-------- Dataset entries --------
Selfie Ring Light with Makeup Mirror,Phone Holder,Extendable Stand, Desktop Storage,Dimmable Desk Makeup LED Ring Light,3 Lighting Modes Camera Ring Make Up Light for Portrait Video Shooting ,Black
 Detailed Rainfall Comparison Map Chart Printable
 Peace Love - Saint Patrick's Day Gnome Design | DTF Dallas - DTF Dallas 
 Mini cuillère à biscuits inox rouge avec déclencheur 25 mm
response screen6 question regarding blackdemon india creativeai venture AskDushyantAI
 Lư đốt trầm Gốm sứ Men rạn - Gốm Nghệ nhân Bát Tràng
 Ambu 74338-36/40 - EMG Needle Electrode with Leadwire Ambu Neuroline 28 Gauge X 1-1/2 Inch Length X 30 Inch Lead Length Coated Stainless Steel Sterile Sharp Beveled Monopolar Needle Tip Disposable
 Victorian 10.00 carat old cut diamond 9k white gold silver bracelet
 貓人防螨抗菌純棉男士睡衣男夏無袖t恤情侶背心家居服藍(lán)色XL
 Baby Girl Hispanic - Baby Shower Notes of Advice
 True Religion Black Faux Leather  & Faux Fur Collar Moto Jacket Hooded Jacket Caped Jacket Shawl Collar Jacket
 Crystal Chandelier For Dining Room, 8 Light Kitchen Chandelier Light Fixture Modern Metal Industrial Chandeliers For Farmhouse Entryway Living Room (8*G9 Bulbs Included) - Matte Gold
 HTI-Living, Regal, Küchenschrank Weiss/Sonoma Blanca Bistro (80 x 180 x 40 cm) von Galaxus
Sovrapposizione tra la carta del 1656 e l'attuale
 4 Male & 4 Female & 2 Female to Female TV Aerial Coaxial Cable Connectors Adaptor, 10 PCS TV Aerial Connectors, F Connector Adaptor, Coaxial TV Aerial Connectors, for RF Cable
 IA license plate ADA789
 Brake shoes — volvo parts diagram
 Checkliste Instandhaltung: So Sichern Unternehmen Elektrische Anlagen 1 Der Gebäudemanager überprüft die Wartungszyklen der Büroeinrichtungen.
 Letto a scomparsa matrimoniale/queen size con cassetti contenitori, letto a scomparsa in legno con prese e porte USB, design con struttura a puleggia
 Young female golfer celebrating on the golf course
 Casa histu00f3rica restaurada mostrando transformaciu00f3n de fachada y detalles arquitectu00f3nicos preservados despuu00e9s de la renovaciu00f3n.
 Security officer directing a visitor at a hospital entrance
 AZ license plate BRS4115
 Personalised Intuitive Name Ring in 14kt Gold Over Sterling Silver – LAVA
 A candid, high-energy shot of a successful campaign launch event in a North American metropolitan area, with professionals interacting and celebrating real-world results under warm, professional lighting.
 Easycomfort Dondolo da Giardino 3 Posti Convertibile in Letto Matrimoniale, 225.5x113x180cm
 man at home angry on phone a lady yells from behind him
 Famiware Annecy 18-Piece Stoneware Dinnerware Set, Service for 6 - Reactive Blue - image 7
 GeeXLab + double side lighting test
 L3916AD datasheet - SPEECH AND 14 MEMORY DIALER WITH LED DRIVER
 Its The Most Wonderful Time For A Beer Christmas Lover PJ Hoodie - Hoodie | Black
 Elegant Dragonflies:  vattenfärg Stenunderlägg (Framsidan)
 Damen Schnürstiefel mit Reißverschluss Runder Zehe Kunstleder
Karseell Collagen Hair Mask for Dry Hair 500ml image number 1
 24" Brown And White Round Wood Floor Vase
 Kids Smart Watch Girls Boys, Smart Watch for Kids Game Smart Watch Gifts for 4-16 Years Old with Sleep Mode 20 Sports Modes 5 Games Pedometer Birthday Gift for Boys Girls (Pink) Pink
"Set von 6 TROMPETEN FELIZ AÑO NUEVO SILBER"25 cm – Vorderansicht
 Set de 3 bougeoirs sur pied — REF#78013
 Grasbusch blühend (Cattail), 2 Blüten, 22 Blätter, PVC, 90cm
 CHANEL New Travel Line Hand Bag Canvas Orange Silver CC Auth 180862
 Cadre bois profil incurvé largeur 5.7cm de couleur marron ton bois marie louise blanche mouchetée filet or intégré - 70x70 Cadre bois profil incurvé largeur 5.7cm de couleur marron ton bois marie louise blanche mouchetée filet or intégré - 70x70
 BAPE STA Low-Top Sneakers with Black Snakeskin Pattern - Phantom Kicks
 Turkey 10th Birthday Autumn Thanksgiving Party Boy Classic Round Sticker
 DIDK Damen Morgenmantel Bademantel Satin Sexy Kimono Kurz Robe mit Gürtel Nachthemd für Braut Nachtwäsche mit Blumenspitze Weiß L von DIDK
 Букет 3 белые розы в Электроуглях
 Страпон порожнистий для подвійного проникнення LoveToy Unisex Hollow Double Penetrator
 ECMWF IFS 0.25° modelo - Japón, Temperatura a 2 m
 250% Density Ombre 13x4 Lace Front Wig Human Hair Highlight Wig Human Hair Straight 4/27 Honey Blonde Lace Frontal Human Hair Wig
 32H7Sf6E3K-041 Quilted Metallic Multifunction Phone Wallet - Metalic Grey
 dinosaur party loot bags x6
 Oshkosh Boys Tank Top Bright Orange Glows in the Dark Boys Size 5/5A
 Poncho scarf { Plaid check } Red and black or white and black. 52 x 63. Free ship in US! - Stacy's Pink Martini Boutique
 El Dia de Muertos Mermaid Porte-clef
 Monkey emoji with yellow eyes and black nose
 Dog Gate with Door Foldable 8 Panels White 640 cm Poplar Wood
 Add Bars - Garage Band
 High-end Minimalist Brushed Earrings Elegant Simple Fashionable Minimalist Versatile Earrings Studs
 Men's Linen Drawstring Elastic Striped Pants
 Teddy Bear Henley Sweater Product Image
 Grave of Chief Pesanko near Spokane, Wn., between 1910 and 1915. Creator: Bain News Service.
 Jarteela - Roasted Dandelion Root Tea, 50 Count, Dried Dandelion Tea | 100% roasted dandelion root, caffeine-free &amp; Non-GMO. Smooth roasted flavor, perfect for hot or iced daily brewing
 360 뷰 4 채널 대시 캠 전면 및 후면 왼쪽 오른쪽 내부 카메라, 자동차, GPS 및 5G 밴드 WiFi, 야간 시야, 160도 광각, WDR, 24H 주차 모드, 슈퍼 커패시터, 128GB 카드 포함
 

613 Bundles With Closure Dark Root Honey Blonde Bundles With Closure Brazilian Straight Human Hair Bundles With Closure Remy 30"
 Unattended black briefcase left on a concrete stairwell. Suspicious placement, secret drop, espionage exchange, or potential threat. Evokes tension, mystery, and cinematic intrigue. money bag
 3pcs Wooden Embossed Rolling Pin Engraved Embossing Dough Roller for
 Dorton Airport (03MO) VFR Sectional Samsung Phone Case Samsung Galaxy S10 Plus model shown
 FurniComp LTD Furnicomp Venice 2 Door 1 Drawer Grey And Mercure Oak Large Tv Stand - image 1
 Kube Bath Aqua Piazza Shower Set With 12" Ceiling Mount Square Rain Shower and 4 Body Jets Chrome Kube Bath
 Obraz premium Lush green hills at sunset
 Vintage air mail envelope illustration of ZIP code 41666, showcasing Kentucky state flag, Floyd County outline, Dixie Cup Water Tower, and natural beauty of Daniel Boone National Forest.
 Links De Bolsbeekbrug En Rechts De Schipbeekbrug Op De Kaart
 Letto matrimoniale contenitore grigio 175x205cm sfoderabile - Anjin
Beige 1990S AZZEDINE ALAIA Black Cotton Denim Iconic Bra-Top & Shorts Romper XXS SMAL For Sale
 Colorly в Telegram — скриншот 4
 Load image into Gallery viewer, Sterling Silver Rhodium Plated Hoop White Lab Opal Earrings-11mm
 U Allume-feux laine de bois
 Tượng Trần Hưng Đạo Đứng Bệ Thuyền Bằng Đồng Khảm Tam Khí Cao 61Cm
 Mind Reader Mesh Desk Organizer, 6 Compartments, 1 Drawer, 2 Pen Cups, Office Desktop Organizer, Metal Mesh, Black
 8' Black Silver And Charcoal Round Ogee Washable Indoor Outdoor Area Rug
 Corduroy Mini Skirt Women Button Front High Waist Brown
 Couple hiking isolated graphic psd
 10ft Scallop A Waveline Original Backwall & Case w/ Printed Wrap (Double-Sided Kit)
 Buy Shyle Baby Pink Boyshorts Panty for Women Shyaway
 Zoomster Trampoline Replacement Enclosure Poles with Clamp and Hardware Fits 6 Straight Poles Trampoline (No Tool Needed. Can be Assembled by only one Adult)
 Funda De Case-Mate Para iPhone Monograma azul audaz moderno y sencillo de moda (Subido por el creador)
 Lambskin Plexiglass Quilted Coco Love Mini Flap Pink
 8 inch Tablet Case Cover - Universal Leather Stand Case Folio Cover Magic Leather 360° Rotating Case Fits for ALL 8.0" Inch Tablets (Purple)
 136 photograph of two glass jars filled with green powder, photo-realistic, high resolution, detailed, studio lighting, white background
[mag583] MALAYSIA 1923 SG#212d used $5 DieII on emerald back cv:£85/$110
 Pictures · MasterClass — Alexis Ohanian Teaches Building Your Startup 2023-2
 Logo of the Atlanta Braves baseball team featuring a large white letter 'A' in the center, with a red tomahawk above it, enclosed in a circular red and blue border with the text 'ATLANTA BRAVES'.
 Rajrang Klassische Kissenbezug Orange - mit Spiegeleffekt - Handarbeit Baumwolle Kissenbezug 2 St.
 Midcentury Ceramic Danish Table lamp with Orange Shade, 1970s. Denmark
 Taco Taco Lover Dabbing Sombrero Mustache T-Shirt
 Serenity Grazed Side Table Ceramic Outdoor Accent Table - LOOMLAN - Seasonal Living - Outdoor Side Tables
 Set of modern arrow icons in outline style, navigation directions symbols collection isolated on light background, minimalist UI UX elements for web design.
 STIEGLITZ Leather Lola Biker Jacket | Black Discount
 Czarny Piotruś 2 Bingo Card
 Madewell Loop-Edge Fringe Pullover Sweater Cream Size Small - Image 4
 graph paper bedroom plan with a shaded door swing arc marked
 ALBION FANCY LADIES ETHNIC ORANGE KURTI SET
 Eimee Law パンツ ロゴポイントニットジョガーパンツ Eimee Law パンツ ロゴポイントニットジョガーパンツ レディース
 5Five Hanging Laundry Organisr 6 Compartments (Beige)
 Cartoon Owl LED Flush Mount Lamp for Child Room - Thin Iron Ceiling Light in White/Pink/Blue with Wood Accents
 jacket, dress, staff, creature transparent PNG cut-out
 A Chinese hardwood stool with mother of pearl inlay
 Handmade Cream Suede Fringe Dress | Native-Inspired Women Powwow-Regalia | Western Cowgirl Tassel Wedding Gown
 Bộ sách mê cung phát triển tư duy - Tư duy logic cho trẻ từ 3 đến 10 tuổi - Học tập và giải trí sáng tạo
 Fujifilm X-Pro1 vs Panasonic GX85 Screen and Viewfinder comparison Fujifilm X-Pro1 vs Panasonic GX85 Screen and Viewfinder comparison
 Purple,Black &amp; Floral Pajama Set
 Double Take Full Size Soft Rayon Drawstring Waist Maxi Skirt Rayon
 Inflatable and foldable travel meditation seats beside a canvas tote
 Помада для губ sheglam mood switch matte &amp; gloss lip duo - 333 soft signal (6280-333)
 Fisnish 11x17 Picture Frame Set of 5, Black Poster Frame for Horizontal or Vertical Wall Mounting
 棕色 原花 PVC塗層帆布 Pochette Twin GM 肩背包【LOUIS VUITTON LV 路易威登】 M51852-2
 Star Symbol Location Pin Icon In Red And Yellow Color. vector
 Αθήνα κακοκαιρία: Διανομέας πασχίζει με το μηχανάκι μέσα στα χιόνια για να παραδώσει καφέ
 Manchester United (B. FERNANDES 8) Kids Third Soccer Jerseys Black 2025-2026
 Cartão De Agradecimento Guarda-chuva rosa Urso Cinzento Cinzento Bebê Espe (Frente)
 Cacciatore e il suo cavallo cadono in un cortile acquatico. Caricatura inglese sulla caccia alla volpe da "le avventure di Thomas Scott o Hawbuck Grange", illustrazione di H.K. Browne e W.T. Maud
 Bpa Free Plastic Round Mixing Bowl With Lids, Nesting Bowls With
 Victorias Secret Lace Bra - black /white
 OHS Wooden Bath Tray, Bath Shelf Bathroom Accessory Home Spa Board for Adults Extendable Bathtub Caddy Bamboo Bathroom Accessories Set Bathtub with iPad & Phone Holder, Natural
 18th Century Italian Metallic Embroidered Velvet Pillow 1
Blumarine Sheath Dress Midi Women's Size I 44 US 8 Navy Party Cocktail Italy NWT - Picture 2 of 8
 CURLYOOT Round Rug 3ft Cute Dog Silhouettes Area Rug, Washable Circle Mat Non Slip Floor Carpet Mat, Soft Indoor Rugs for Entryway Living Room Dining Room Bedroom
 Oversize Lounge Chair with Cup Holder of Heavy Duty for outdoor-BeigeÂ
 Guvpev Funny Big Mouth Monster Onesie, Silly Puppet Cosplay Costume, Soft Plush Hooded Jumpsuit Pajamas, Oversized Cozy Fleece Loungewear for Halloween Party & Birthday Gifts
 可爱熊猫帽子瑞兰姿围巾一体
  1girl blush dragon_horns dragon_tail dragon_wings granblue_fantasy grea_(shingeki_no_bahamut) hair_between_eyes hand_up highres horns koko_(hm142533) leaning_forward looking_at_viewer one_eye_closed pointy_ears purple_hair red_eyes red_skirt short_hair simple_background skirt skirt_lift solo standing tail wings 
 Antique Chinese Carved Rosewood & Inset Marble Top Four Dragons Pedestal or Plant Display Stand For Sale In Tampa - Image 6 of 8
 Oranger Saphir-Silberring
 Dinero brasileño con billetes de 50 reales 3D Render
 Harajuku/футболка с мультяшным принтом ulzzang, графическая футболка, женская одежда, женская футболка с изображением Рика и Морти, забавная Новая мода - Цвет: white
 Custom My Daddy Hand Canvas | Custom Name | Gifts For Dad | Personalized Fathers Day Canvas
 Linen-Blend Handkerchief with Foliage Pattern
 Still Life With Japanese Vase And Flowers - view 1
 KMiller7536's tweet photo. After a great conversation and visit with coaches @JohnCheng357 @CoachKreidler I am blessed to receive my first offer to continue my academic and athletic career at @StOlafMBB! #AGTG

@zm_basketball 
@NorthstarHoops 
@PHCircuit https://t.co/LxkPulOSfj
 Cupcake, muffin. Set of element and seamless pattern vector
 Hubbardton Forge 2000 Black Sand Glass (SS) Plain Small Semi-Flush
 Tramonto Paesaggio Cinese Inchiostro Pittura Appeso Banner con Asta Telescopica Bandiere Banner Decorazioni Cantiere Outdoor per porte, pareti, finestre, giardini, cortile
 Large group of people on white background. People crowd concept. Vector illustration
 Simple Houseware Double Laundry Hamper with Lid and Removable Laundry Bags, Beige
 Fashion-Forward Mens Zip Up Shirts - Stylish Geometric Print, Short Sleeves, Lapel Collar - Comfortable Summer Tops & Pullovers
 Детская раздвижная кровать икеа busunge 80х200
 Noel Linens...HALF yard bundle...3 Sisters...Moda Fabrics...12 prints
--------
# Your task
Scan the data above. Return every line with "Front" in it.

# Finished task
 250% Density Ombre 13x4 Lace Front Wig Human Hair Highlight Wig Human Hair Straight 4/27 Honey Blonde Lace Frontal Human Hair Wig
 Corduroy Mini Skirt Women Button Front High Waist Brown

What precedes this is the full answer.